And its even going to be cheaper if you are doing many units. :brows:


----------



## zwodubber (Feb 24, 2011)

It must be cost effective as we have been doing retrofits like crazy lately. We were subbed by a company that does the walkthrough and proposal, and then drops al material on site and we install. They have 9 more lined up already, anywhere from 40 to 200+ fixtures.

I'm stuck on this one at a U-haul because we currently have no data jobs 

I'm not really into repetitive lighting jobs, but you gotta do what the boss says...


Material provided by consultant. This one is a T12 to T8 swap.

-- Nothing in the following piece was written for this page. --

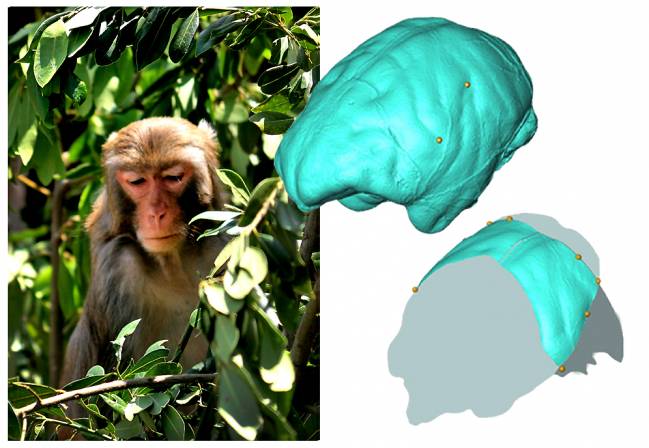 Analizan la anatomía parietal del cerebro de los monos del viejo mundo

2 hallways with existing 8' T12's


----------



## joe cool (Jun 4, 2009)

Cletis said:


> I'm not sure why you would want to do that. Why don't you just buy the kit's with tomestones pre-wired and get the miro 4 reflectors for only $30? Tomestones become very brittle and the metal springs get weak and lots are pitted, especially after 10 or more years. Furthermore, the new miro 4 reflectors redirect approx~ 95% of the light downward v.s. approx ~ 80% if you don't replace and they also redirect heat a bit away from ballast increasing the lifespan a bit more.

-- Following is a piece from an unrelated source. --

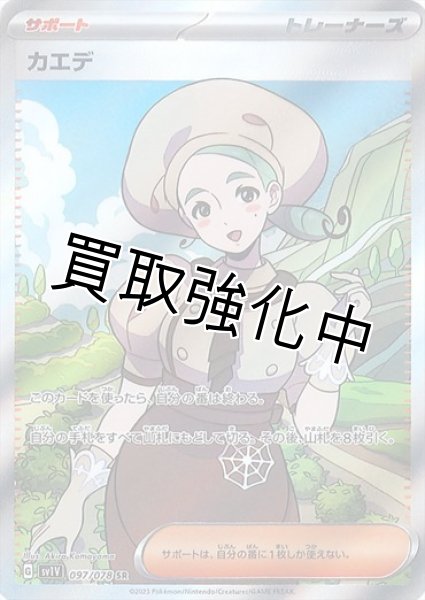 画像1: カエデ(1)【SR】{097/078} [sv1v] (1)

We do primarily high volume low budget jobs like public schools. If we spent all the money on prewired tombstones and reflectors there wouldn't be anything left for us...
We have to be at the $35-$45 per fixture level to get these jobs. But they make up for it in volume. Recently won a bid for 9300 fixtures. Materials cost of just below $100k. No room for new reflectors there.


----------